Problem to work on:
Using the records below, give again exactly the lines from the line that contains "The Big Easy" through the line that contains "Elegant fleece jacket", both ends included, and only those.

--- Dataset ---

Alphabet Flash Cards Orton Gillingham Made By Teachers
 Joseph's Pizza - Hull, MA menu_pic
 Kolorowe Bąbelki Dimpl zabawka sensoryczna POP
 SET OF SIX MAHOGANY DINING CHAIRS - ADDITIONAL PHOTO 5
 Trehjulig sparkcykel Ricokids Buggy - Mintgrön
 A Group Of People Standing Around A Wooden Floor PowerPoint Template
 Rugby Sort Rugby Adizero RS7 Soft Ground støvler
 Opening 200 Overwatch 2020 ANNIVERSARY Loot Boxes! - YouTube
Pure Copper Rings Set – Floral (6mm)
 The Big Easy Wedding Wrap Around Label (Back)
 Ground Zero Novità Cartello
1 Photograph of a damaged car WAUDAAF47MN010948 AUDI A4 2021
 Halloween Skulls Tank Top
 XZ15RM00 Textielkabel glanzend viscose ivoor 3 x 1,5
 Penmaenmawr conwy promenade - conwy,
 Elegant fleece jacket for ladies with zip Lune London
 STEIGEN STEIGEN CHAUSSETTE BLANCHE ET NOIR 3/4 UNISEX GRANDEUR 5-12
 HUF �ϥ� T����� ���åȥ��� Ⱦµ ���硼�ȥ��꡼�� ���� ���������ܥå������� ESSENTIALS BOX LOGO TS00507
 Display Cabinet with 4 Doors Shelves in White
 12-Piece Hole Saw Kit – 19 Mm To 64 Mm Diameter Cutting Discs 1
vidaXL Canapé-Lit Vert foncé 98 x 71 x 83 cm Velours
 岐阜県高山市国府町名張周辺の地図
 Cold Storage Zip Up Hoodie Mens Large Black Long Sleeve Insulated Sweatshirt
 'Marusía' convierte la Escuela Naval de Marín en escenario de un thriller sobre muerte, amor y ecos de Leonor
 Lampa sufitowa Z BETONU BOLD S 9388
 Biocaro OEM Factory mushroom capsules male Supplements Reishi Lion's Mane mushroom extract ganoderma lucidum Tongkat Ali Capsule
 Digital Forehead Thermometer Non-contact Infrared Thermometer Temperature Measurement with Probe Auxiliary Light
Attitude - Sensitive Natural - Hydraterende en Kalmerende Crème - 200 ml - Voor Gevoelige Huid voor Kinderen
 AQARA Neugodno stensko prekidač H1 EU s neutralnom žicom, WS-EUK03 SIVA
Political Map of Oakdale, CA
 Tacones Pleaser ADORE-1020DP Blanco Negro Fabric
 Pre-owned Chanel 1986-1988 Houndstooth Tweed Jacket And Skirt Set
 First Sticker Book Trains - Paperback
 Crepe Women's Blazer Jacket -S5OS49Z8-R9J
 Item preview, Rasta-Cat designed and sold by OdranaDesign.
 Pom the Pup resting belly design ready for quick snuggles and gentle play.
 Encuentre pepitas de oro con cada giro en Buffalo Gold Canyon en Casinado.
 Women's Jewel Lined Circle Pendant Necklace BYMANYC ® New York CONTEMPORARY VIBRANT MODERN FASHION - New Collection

---

Your response:
 The Big Easy Wedding Wrap Around Label (Back)
 Ground Zero Novità Cartello
1 Photograph of a damaged car WAUDAAF47MN010948 AUDI A4 2021
 Halloween Skulls Tank Top
 XZ15RM00 Textielkabel glanzend viscose ivoor 3 x 1,5
 Penmaenmawr conwy promenade - conwy,
 Elegant fleece jacket for ladies with zip Lune London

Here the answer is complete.